» **THE PROBLEM**: Could you repeat the listing below exactly while leaving its pictures behind?
====================
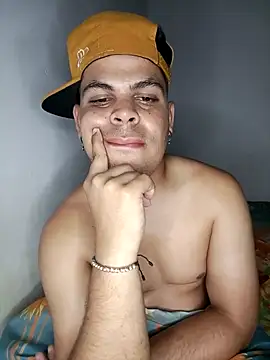 Carlitos24 A online show from November 10, 11:53 pm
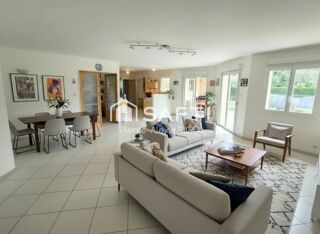  Maison � vendre 8 pi�ces 218 m�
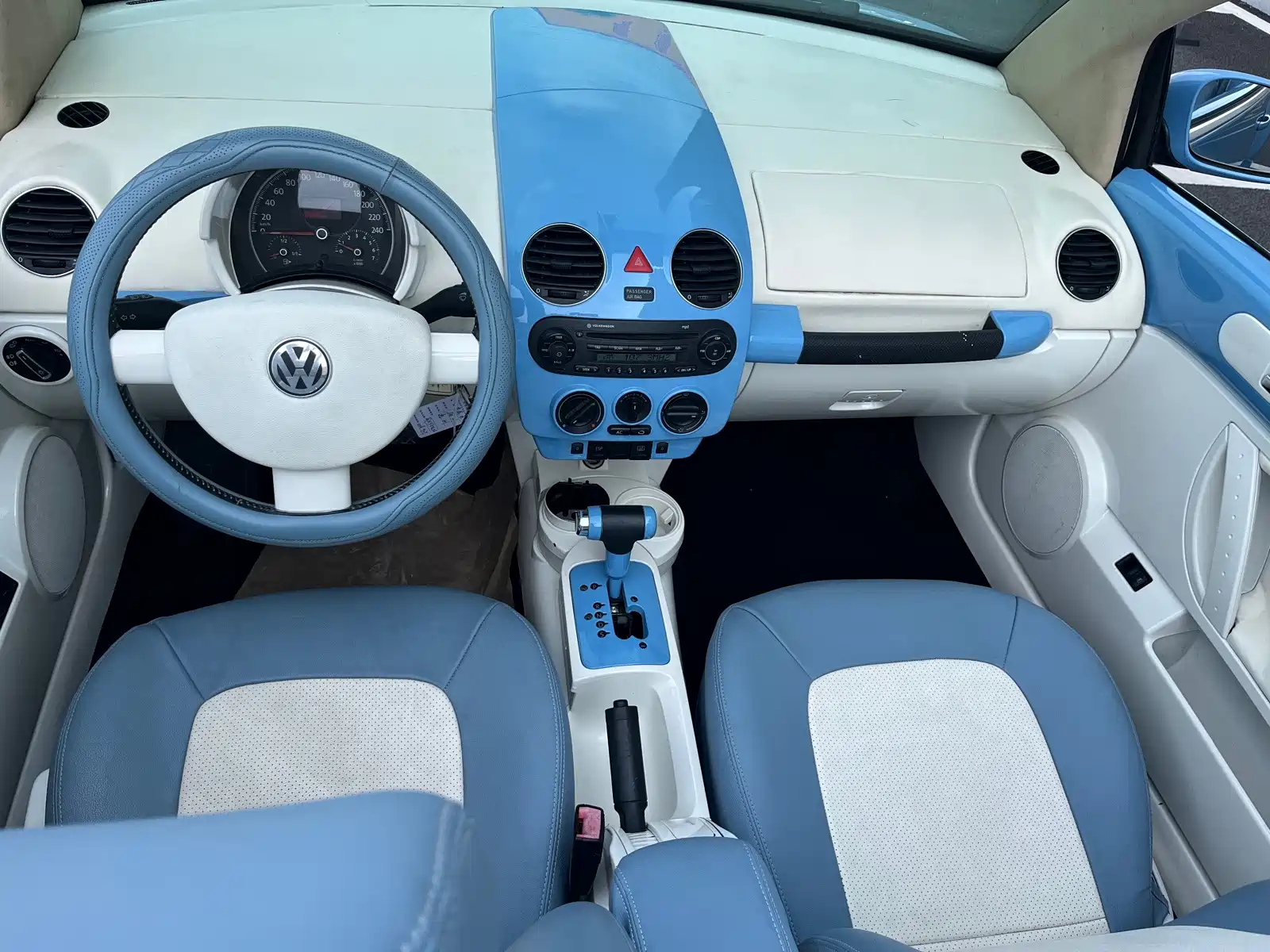 صورة 5 - Volkswagen Beetle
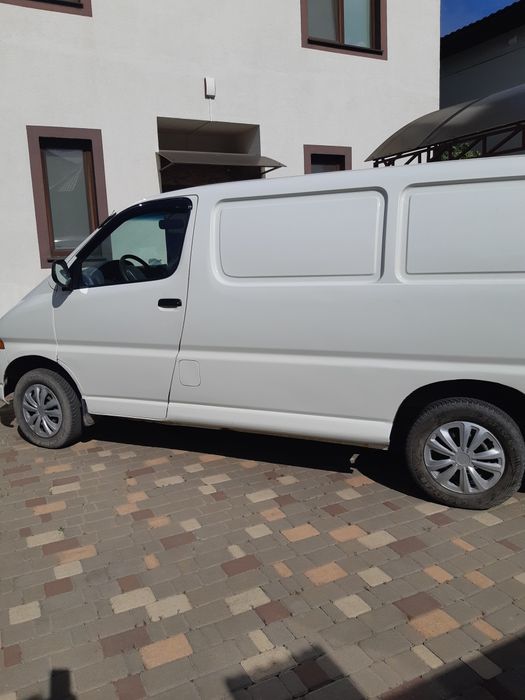 Тойота Хайс бусик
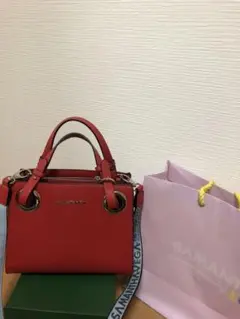 サマンサ　ヴェガ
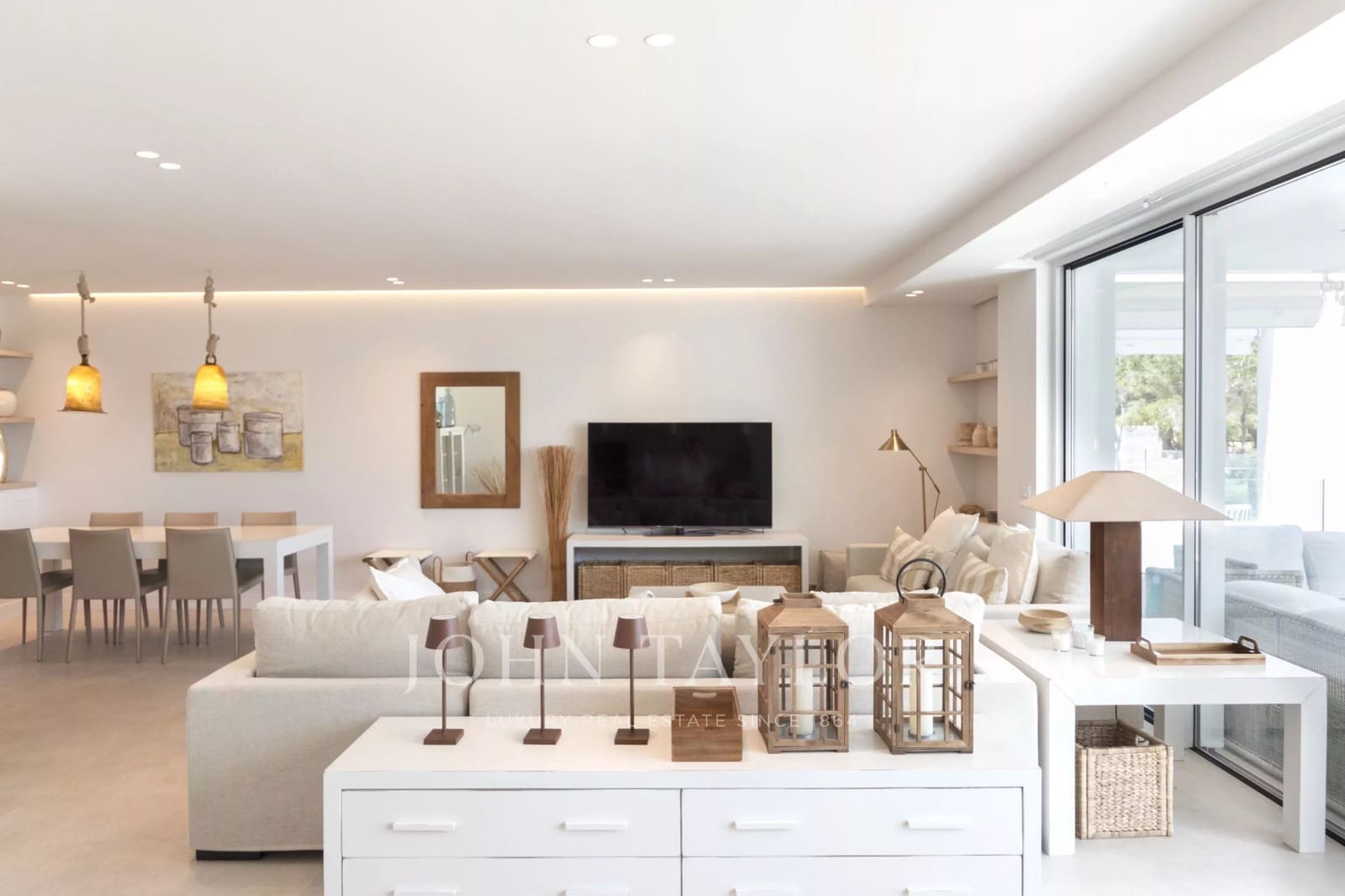 4 soverom Leilighet til salgs i Cala Llenya med svømmebasseng garasje - € 2 495 000 (Ref: 9564096)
====================
» **RESPONSE**:
 Carlitos24 A online show from November 10, 11:53 pm
  Maison � vendre 8 pi�ces 218 m�
 صورة 5 - Volkswagen Beetle
 Тойота Хайс бусик
 サマンサ　ヴェガ
 4 soverom Leilighet til salgs i Cala Llenya med svømmebasseng garasje - € 2 495 000 (Ref: 9564096)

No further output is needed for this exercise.